That German plane is probably where the B-wing comes from.


----------



## the lancaster kicks ass (May 18, 2005)

could i get away with making a star wars craft thread in the aviation section or would it have to be in misc.??


----------



## cheddar cheese (May 18, 2005)

In misc.


----------



## Nonskimmer (May 18, 2005)

cheddar cheese said:


> And to me all this Star Wars talk is Bore-Wing!
> 
> Damnit, Im funny...


Only coming from you would that be funny.


----------



## KraziKanuK (May 19, 2005)

I don't know what the a/c are.


the a/c in the front






and this one


----------



## plan_D (May 19, 2005)

The one at the bottom looks Russian to me.


----------



## FLYBOYJ (May 19, 2005)

I think the bottom one is a SB-2, the top one ???


----------



## DerAdlerIstGelandet (May 19, 2005)

The one on the top almost looks like a Dornier Do C3 Komet I but I am not going to confirm that.


----------



## JCS (May 19, 2005)

The bottom one is definately an SB-2, the top one I have no clue....


----------



## DerAdlerIstGelandet (May 19, 2005)

I think it is a Komet.


----------



## Piaggio108 (May 20, 2005)

probibly avia B.71 for the bottom, czech version of SB (SB-2)


----------



## the lancaster kicks ass (May 20, 2005)

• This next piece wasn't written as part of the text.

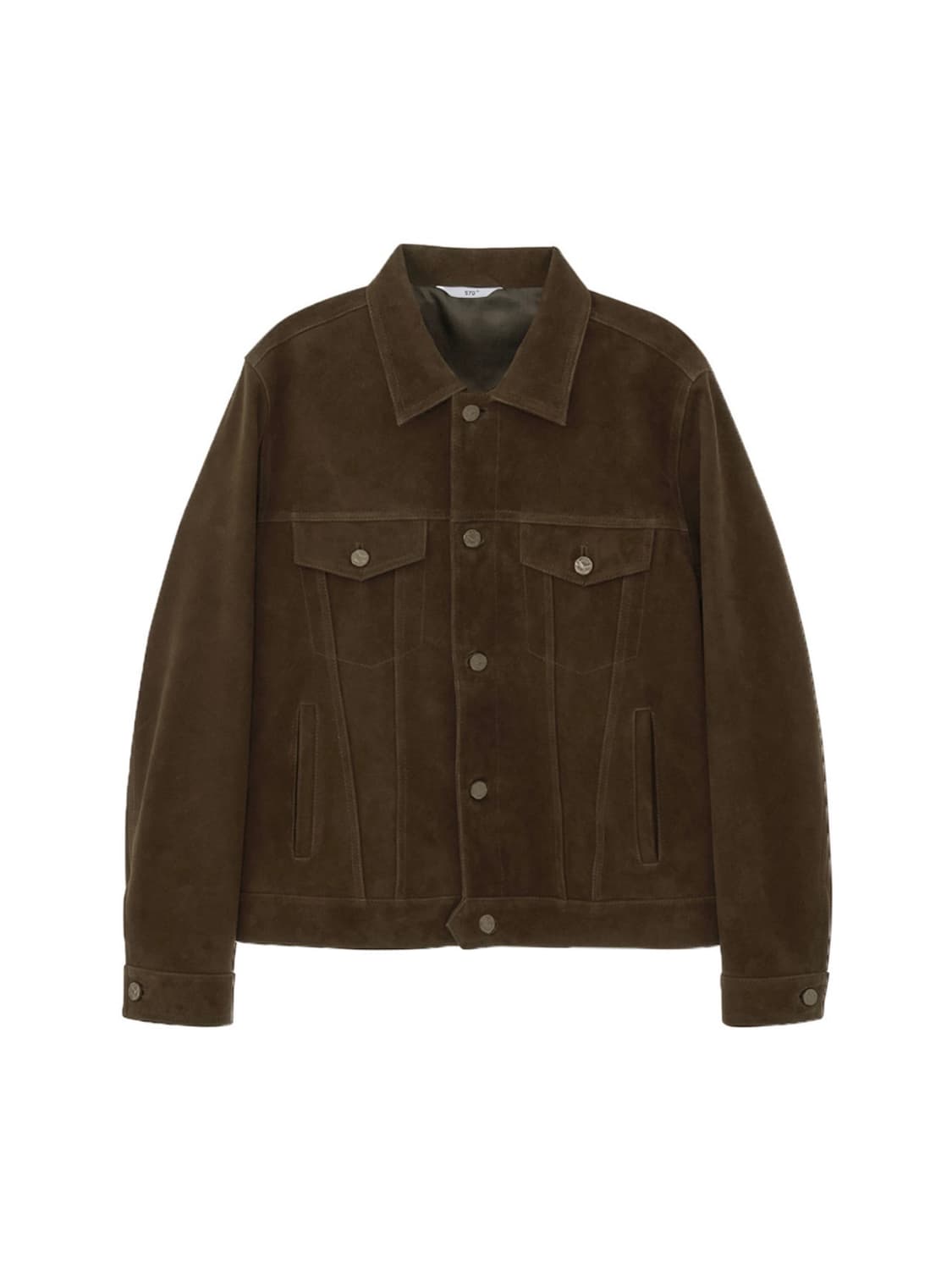 [M] STU 고트 스웨이드 레더 가죽 트러커 자켓 브라운 상품이미지10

i hope you were joking about the komet...........


----------



## cheddar cheese (May 20, 2005)

No he means another Komet, the Dornier Do C3 Komet, as he said in a post up there.


----------



## the lancaster kicks ass (May 21, 2005)

oh yeah, btw, i can't stand your siggy.........


----------



## cheddar cheese (May 21, 2005)

Not British enough for you is it....


----------



## plan_D (May 21, 2005)

I can't stand it either. You need the Chinook (Gunship if you must) and Hind in there.


----------



## cheddar cheese (May 21, 2005)

No. My siggy, my rules...


----------



## DerAdlerIstGelandet (May 22, 2005)

the lancaster kicks ass said:


> i hope you were joking about the komet...........



Do you ever really read the posts? A couple of posts back I said a Do C3 Komet.  

And CC the siggy is great! And the choices are just fine too. You have possibly the 3 best helicopters ever produced on there: UH-1 Huey, AH-1 Cobra, and UH-60 Blackhawk. Dont listen to these non believers! The Chinook is not as great as everyone believes and the Hind is just too big for what it was built and not very reliable. Great Siggy my man!


----------



## plan_D (May 22, 2005)

The Chinook is an awesome machine, are you kidding!? One Chinook alone kept the British forces on Falklands running efficiently.


----------



## DerAdlerIstGelandet (May 22, 2005)

Oh it can carry quite well and has great performance but if you really want to talk about a great heavy lift aircraft that puts the Chinook to shame it is the CH-53E SuperStallion that the US Marines use. It is a workhorse and will fly circles around a Chinook and carry more.

I just hate flying the damn Chinook it flys like a a rattling garbage can, but I will admit I am jealous of the crew chiefs who can stand up and walk around in flight.


----------



## the lancaster kicks ass (May 22, 2005)

they sound so crap in flight though.........


----------



## cheddar cheese (May 22, 2005)

What, Chinooks? I know they do 8)


----------



## the lancaster kicks ass (May 22, 2005)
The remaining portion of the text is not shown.